Per the strict migration policy:

  • Engagements created with engagement_nonce populated (i.e., new engagements after the foundations roadmap ships) get deterministic action IDs, deterministic event IDs, and (with Phase 1.3) deterministic timestamps. These engagements are byte-reproducible from a recorded JSON-RPC tape + scope/config.
  • Engagements without engagement_nonce (legacy) continue to use UUID-based IDs and new Date() timestamps. They are auditable via the activity log + hash chain, but not byte-reproducible. We do not retroactively recompute IDs — the migration is opt-in by virtue of being a new engagement.
  • The hash chain provides integrity (tampering detection) for both classes; only reproducibility depends on the nonce.

Defense Posture by Phase

Engagement phase Trust posture
Recon Lowest stakes. OPSEC ceiling can be relaxed; auto-approve passive techniques.
Enumeration Medium. Approval-gated for noisy techniques; scope boundaries strictly enforced.
Exploitation Highest stakes. All actions approval-gated by default. Phase-aware OPSEC overrides (Phase 4.1) tighten ceilings here.
Post-exploitation High. Lateral movement attempts go through approval; credential reuse tracked; defensive-signal detection should pause the campaign.

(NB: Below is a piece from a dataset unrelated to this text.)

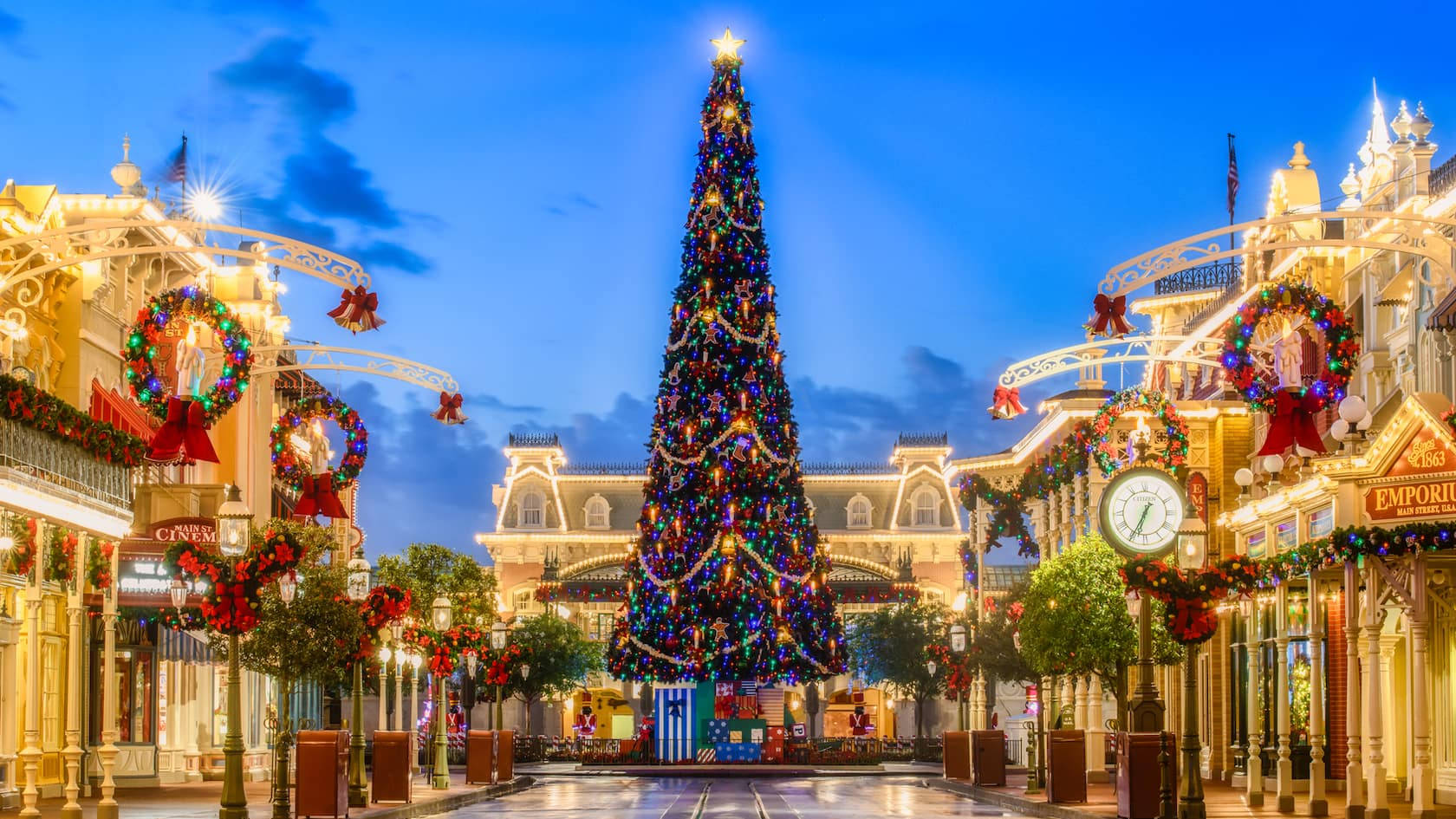 Disneyworld Christmas Tree Background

Phase-aware policy (roadmap Phase 4.1) makes these trust-posture differences enforceable in code rather than aspirational.

Updating This Document

Any change that affects what Overwatch trusts, what it defends against, or what residual risks remain MUST update this document in the same PR. Reviewers should bounce PRs that introduce trust-relevant behavior without a corresponding doc update. The doc is a living artifact; it does not need to be perfect, but it must not lie.